Netwealth has accelerated its investment in technology and distribution teams to maintain its scalability and efficiency as growth accelerates in the time to come.
Stock Performance: On 21 February 2020, the NWL stock closed at $8.540, in line with previous day’s close. Netwealth had a market capitalisation of ~$2.03 billion with ~237.69 million shares outstanding. The stock has delivered positive returns of 8.51% YTD and 11.49% in the last six months.
IOOF Holdings Limited (ASX:IFL)
IOOF, established in 1846, is one of the largest groups in the financial services industry, helping Australians to secure their financial future ever since. The company offers advisors and their clients with various services including:
- Provision of Financial Advice services through an extensive network of financial advisers.
- Administration of Portfolio & Estate for advisers and their respective clients along with a significant number of employers across Australia.

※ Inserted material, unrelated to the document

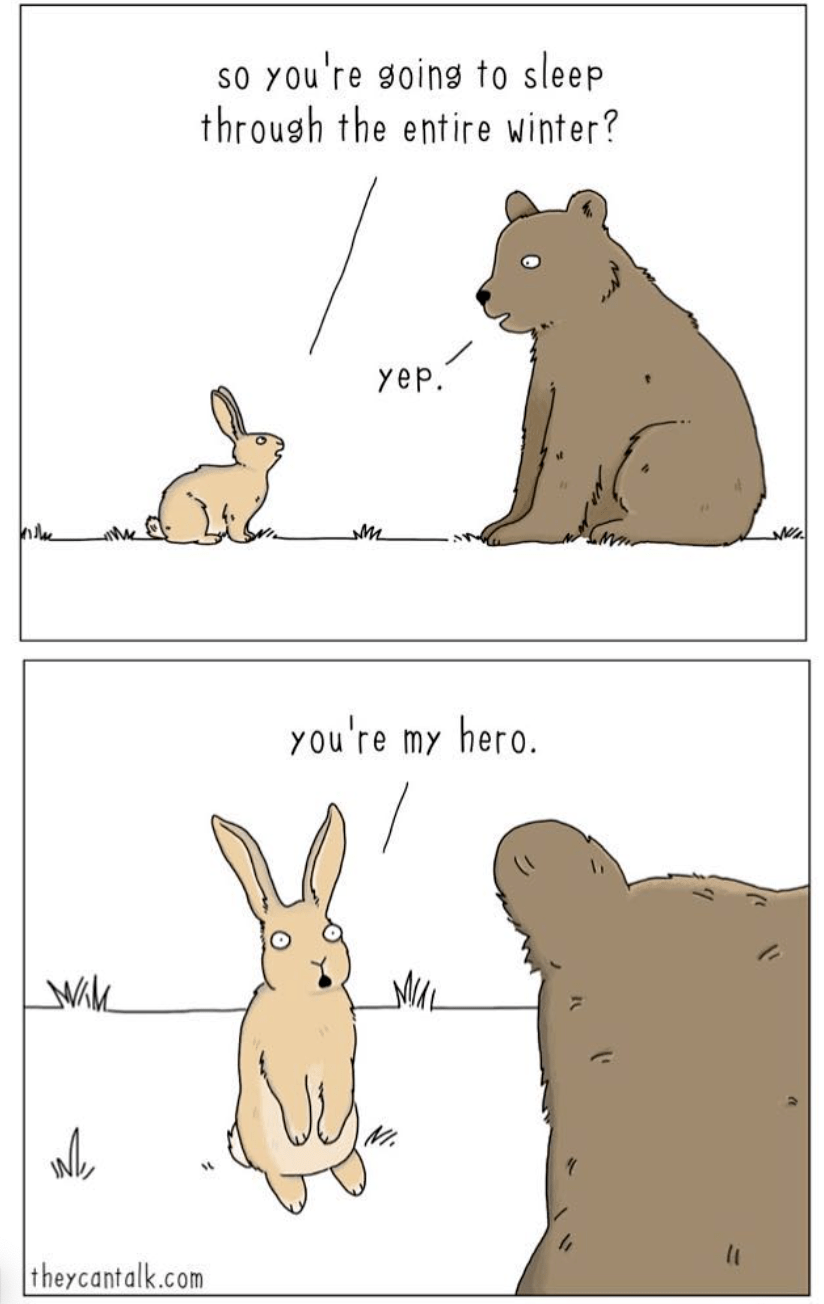 除了猫和狗, jimmy craig 还想想了许多其他动物的对话.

- Trustee Services, including estate planning and compensation trust services.
Financial Results 1H2020: Commenting on the half-year gone-by, IOOF CEO, Renato Mota quoted:
The Group’s Funds Under Management, Advice & Administration (FUMA) were up 5.2% at $145.7 billion. The statutory NPAT was recorded at $115.0 million while the underlying NPAT from continuing operations of $56.6 million was in line with guidance.
The CEO also added that the earnings for the period had been impacted by divestments, and there was a reduced economic interest from the ANZ P&I coupon. There was also a boost in associated costs concerning the governance and constant competitive pricing burden.

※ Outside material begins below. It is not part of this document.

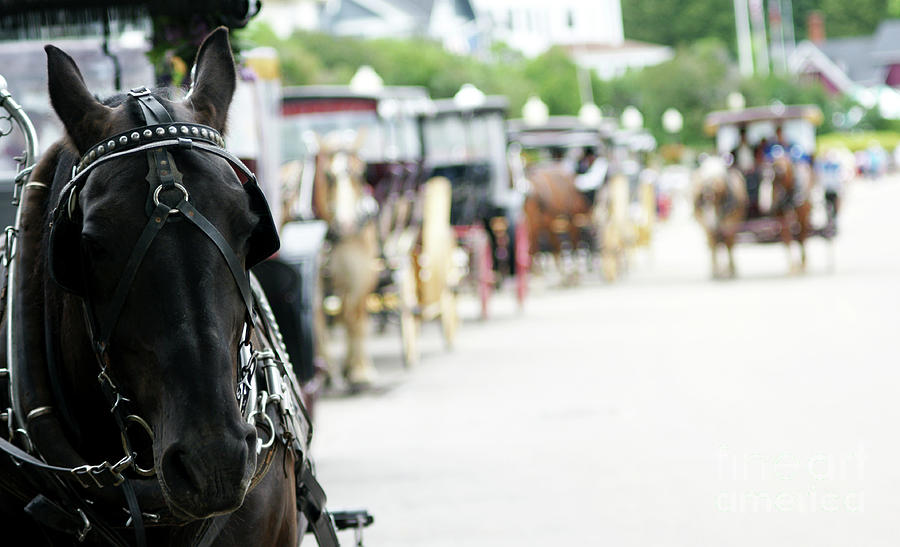 Horse and Buggy Photograph by Linda Shafer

The total net inflows were recorded at $1.4 billion reflecting continued organic growth, while the cost to income ratio of 57.8 was up 12.1% on 1H2019, demonstrating increased governance costs and the effects of legislative changes. The Portfolio & Estate Administration recorded net inflows of $756 million and Advice $985 million for the half, contrary to the retail industry trend of continued and significant outflows, but a testimony to the competitiveness and appeal of IOOF’s proposition in the market.
The Group also closed the acquisition of ANZ Pensions & Investments for the revised sale price of $825 million, which was a reduction of $125 million.

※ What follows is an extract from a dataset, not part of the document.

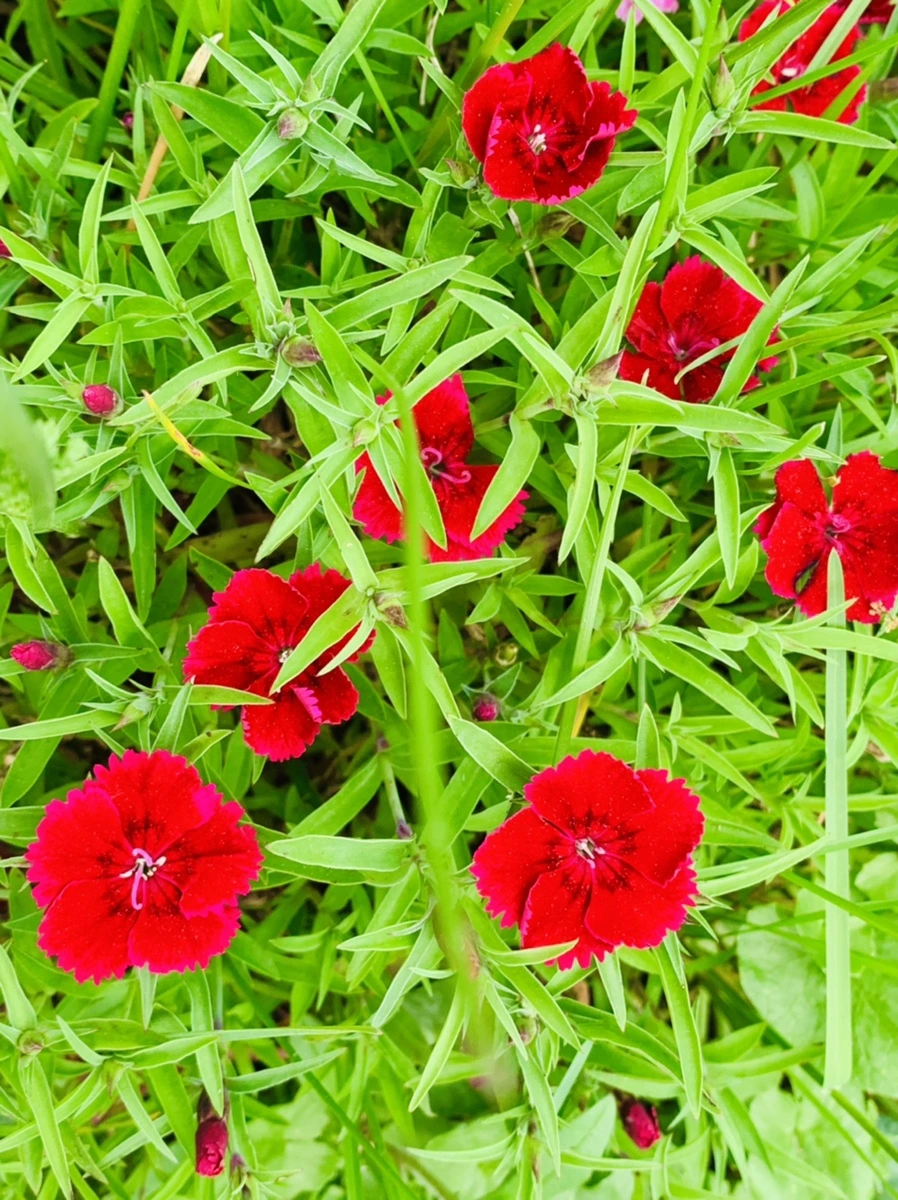 IMG_9014.jpg?type=w966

An interim dividend of 16 cents per share (fully franked) was declared by the Board for the shareholders.
One of the key Business Highlights from the period was addition of 11 new advice practices to the Advice business in FY20’s second quarter, which witnessed the Advice channel increase FUMA at $76.6 billion, an increase on $985 million, expanding IOOF’s extended scale and reach.
With 1,443 advisers, IOOF is the second-biggest advice business as well as fifth biggest platform provider.
Also, the company got on a transformation program to prioritise, streamline and develop the new IOOF.
Stock Performance: With a market capitalisation of ~$2.49 billion and ~351.08 million shares outstanding as on 21 February 2020, the IFL stock settled the day’s trade at $6.850, a decline of 3.385% compared to the previous day’s close. IFL has delivered an impressive positive return of 38.77% in the last six months.